The Casitas at The Halles by Hive 3D and Eco Material Technologies are a new project to create sustainable, 3D-printed homes for vacation rentals near Austin, Texas. These unique low-profile homes use a technology that creates 92% less emissions than traditional concrete. Round Top, Texas, 80 miles east of Austin, will now be home to the world’s first near zero-carbon, 3D-printed neighborhood.
Eco Material Technologies, a producer of sustainable cement alternatives, and Hive 3D, an automated construction company, worked together to build five vacation rentals, all of which have been 3D printed with an Eco Material cement mixture called PozzoCEM Vite. It’s faster, cheaper to build and the walls are made of this eco-cement made of fly ash and other sustainable materials.
“By utilizing these mixtures, Eco Material’s green cement products can be manufactured at room temperature, instead of with high heat like traditional portland cement, drastically reducing emissions in the process,” explained Grant Quasha, CEO, Eco Material Technologies.
Eco Materials product is not just more sustainable than traditional cement, it’s also stronger, lasts longer and sets in a few minutes, which allows for rapid construction of sustainable homes in a variety of climates.
Additionally, Hive 3D worked with CyBe Construction to create a small mobile construction printer and cement mixing system. The mortar is mixed on site with local aggregates at a lower cost than normal 3D printing mortars. This makes building 30% to 40% less expensive than traditional construction.
So, what is it like to build a home entirely out of concrete other than the roof? Hive 3D said it took just a few days to print each Casitas home, then about two months to get the homes ready for residents after installing electrical systems, plumbing, windows and other extras. But Hive 3D can print outdoor furniture, counter bases and all kinds of other features using the eco-cement, which also simplifies the rest of the building process. Even the insulation is made of proprietary cement foam.

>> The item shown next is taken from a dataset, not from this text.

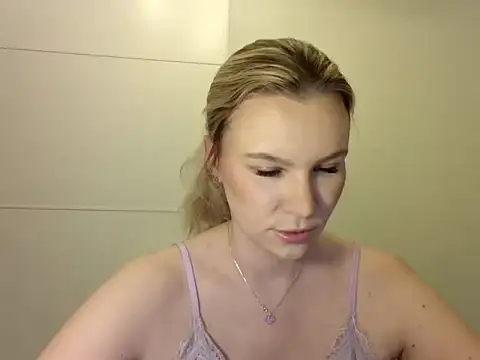 Snapshot of SadieBrilliance chatting on October 14, 2025, 6:09 pm SadieBrilliance online show from October 14, 2025, 6:09 pm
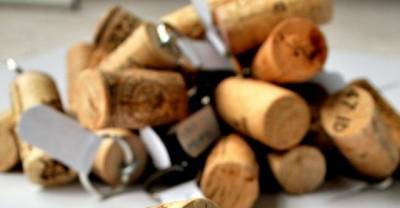 37 Insanely Creative Things To Do With Popped Corks - Part 1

The Casitas rental homes are 400 to 900 square feet and include a studio, one-bedroom and two-bedroom models, designed for short-term rentals for a local festival season. Despite the current housing crisis, this still strikes us as a good way to get more people through these homes to experience 3D-printed sustainable architecture in a way they otherwise couldn’t. If you are thinking about a 3D-printed home, check them out for a short-term rental through Starred Sky Development, Hive 3D development and marketing partner. The building partners will continue to work together to build dozens of 3D-printed sustainable homes in the next few years.